Die Qualität der Maschine ist gut, die Verarbeitung hochwertig. Hier sitzt alles fest, nichts wackelt. Zwar besteht der Großteil der „Arzum Okka“ aus Plastik. Dennoch sieht die Maschine recht edel aus. Die Mokka-Maschine ist aktuell (Stand 03/18) für rund 190 Euro erhältlich.

9Fazit: Mit der „Arzum Okka“ erhaltet ihr eine qualitativ hochwertige Mokka-Maschine, die euch – wahlweise in 1 ½ Minuten oder langsam gebrüht in 5 Minuten – sehr guten Türkischen Kaffee zubereitet. Vorausgesetzt, ihr habt qualitativ hochwertigen Mokka im Einsatz.

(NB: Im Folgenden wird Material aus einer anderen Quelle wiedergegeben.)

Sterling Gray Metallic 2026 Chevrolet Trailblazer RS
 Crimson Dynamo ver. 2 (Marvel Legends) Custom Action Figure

Den für unseren Test von Techno Design zur Verfügung gestellte Mokka eignet sich hervorragend, wir können ihn absolut empfehlen.

Die inn-joy Redaktion vergibt für die „Arzum Okka“ 9 von 10 Punkten.

Die inn-joy Redaktion bedankt sich bei Techno Design für das zur Verfügung gestellte Testexemplar.